Librarians Share Benefits of Controlled Digital Lending

Librarians and advocates gathered in the Hart Senate Building to talk to policymakers about Controlled Digital Lending

This summer, representatives from the Internet Archive joined librarians and advocates in Washington D.C., to talk with  policymakers about how Controlled Digital Lending, or CDL, helps their communities. The resounding response from Congressional offices was that CDL “just makes sense” and they want to support libraries that embrace technology to fulfill their public service missions.

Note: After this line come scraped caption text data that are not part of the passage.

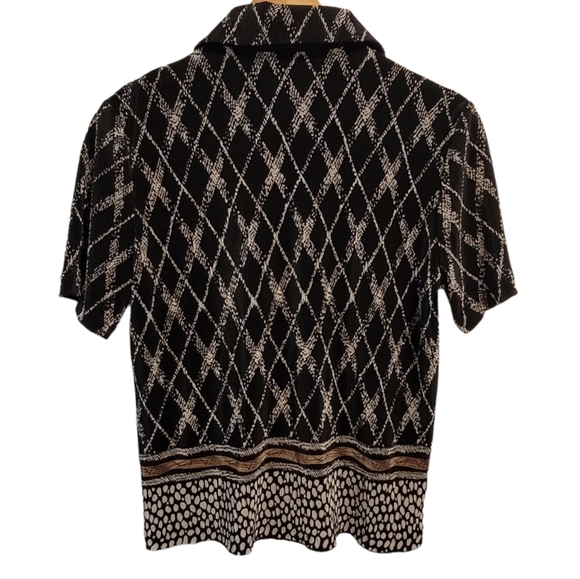 JESSICA Button-Up Patterned Blouse (Large) - Picture 3 of 5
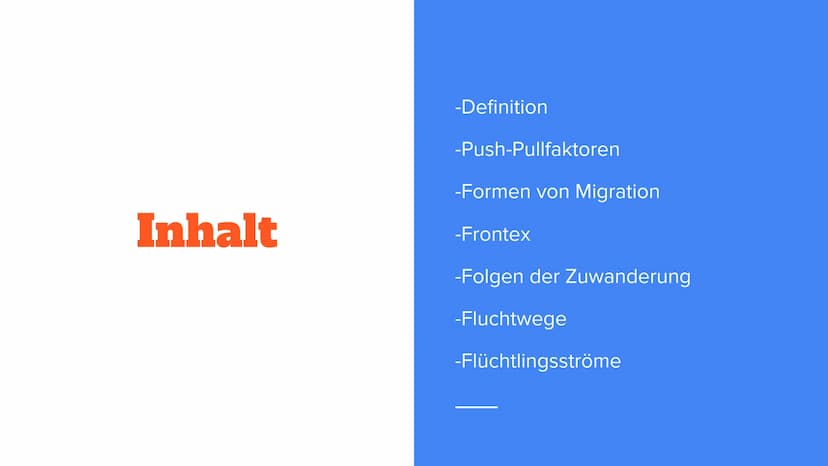 Migration Inhalt
-Definition
-Push-Pullfaktoren
-Formen von Migration
-Frontex
-Folgen der Zuwanderung
-Fluchtwege
-Flüchtlingsströme Defini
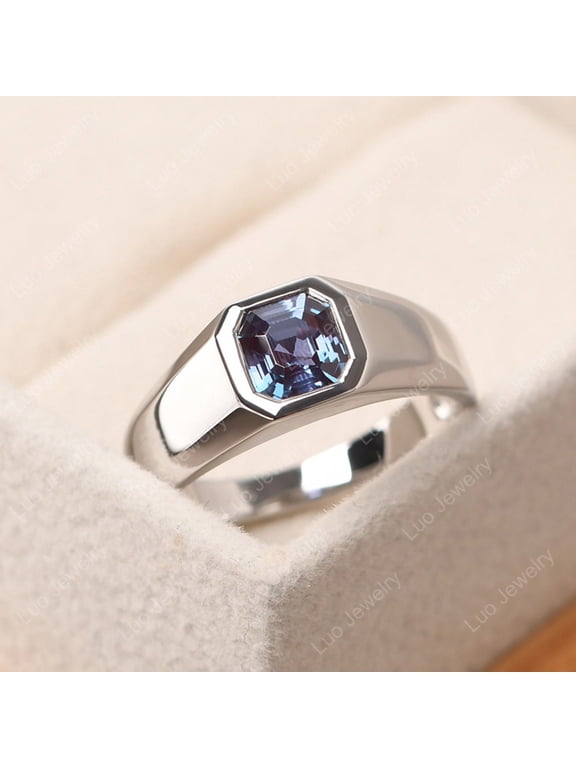Minimalist alexandrite wedding ring for men, asscher cut June birthstone, bezel setting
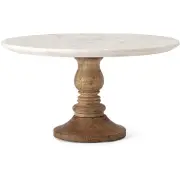 A&B Home 82504 Lissa 12 X 12 inch White/Natural Cake Stand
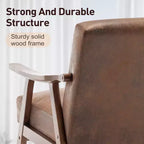 Mid Century Wingback Accent Chair, Solid Wood Frame, Thick Backrest Lounge Chair for Living Room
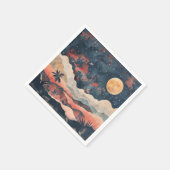 Serviette En Papier Paysage Abstrait de Boho (24) (Coin)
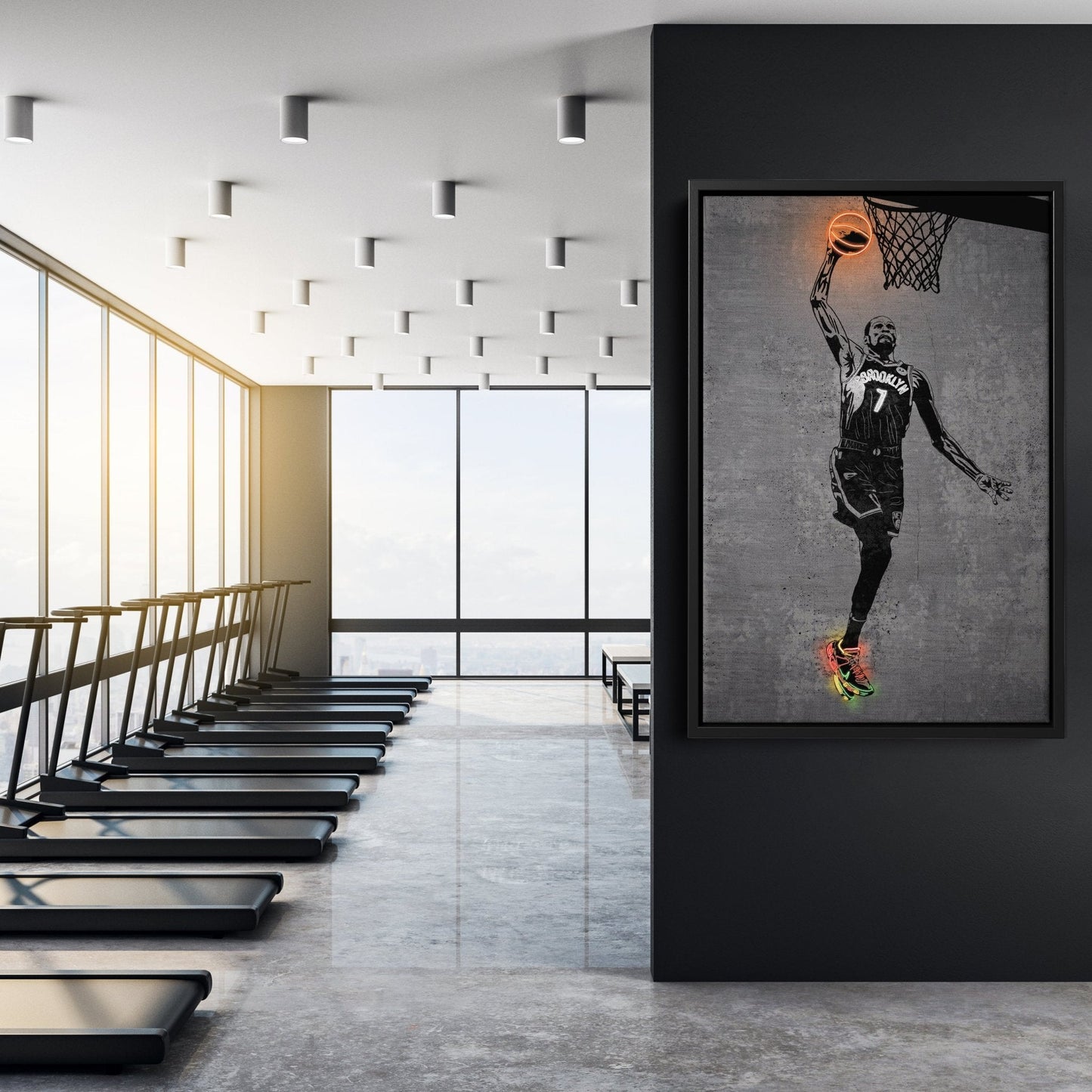 Kevin Durant Neon Canvas Art | Modern Wall Decor for Nets Fans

As technology advances, so too does the ability to lend books efficiently, easily, and broadly, specifically with CDL. With CDL, a library digitizes a book it owns and lends out one secured digital version to one user at a time. It is the digital equivalent of traditional lending. CDL is not intended to replace or circumvent a library’s existing e-book subscriptions but instead serves as a powerful tool for bridging the gap between print and electronic resources for readers and researchers alike.

Lisa Weaver, Jim Michalko, Michael Blackwell, Tom Blake, Lila Bailey and Michelle Wu

Through powerful stories, librarians explained that CDL is benefiting specific communities by:

  • Providing access to rural patrons who find it challenging to physically check out a book;
  • Protecting materials from damage in natural disasters from fire to floods;   
  • Saving the cost of transporting books to other branches to be loaned;
  • Allowing access to rare, fragile books or those out of print and not in circulation;
  • Preserving vulnerable cultural heritage materials for indigenous people;    
  • Supplementing materials at K-12 and university libraries that are suffering budget cuts;
  • Providing historical context and fighting misinformation online; and
  • Increasing access for people with disabilities, the elderly and students in off hours.
Dave Hansen, Meredith Rose, Mark Malonzo, Mary Minow, Kyle K. Courtney, Chris Freeland and Michael Colford

The concluding message to Congress was that libraries are using CDL today and communities and librarians love it.  We were told that Congress wants to hear more. To tell your story of how CDL has helped your community (e.g., did you find the genealogy you were looking  for or the book you needed for a school project?) and why you love CDL, leave a comment below or contact lila at archive dot org.

15 thoughts on “Librarians Share Benefits of Controlled Digital Lending

  1. Corbax

    The rise of e-books offers libraries a potential way to expand their collections and offer their users a modern lending service adapted to the digital age. Libraries lent more than 274 million digital books in 2018, the highest growth rate since 2015.

    The CDL system allows a library to distribute digital copies of a book in exactly the same way as it would distribute physical media. If the library has a digital copy of a book, you can lend that copy to only one user at a time. If a library has three copies of a physical book and digitizes one of them, it can distribute two physical copies and one digital one. That is, libraries only circulate the exact number of copies of a work available to them. Physical copies of books that are loaned digitally must be removed from the circulation through the library while the digital copy is in the hands of a user. The objective of this system is to guarantee the acquisition of the works in a legal way. Therefore, the main benefit of this system is the digitization of books that are currently not offered in electronic format and expand the scope of these.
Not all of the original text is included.